Die Konsequenz ist, dass die Normen der EU von Enzensberger als nicht rechtsstaatlich gekennzeichnet werden, u.a weil sie nicht Gesetze heißen. In diesem Punkt stimme ich ihm zu und man kann nur hoffen, dass Herr Enzensberger bei dieser Frage bedauert, dass der EU-Verfassungsvertrag abgelehnt wurde (in Volksabstimmungen wohlgemerkt).

Die gute alte Standardisierung: Wäre es auf nationaler Ebene einfacher?

Das letzte, aber bedeutendste Märchen über die EU ist die Idee, dass Brüssel nicht nur undemokratisch ist, sondern jene Details unseres Leben standardisieren will, die eher auf nationalstaatlicher Ebene geregelt werden sollten. Hinter dieser Kritik steht das Argument, dass die EU-Normen sinnlos seien und unser Leben komplizierter machen würden.

Gab es vor der EU solche Normen nicht? Doch, die gab es. Selbstverständlich war vor der EU geregelt, wie die Gurken aussehen müssen oder wie Kloschüsseln herzustellen sind – auf nationaler Ebene wohlgemerkt. Diese Standardisierung ist nicht nur ein Schutz der Verbraucher, sondern eine Vereinfachung unseres Lebens, denn statt 27 haben wir nun nur eine Norm.
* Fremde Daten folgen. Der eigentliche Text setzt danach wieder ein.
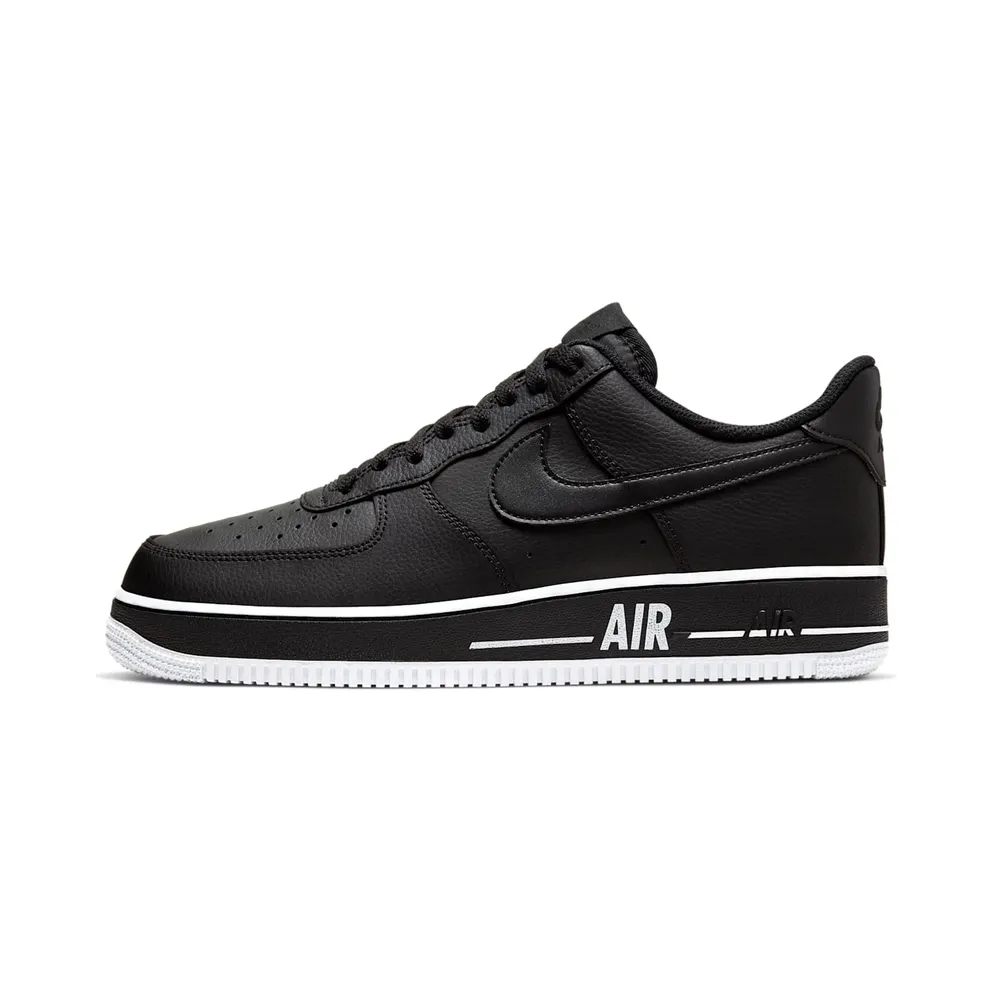 Nike Air Force 1 Low Bold Air Black White Black/White-Black (CJ1393-001)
Oder würde Herr Enzensberger es besser finden, wenn z.B jeder Bürgermeister entscheiden könnte, wie in seiner Stadt die Steckdosen aussehen sollen? Wie viel Freiheit würde dies bedeuten? Der Vorwurf, die EU versuche die „Lebensverhältnisse zu homogenisieren“, verleugnet, dass alle Staaten der Erde dies machen und die EU-Normen für Verbraucher Vorteile bieten. Ein aktuelles Beispiel ist die Kommissionsinitiative, die im Februar einen einheitlichen Stecker für Handys durchsetzte.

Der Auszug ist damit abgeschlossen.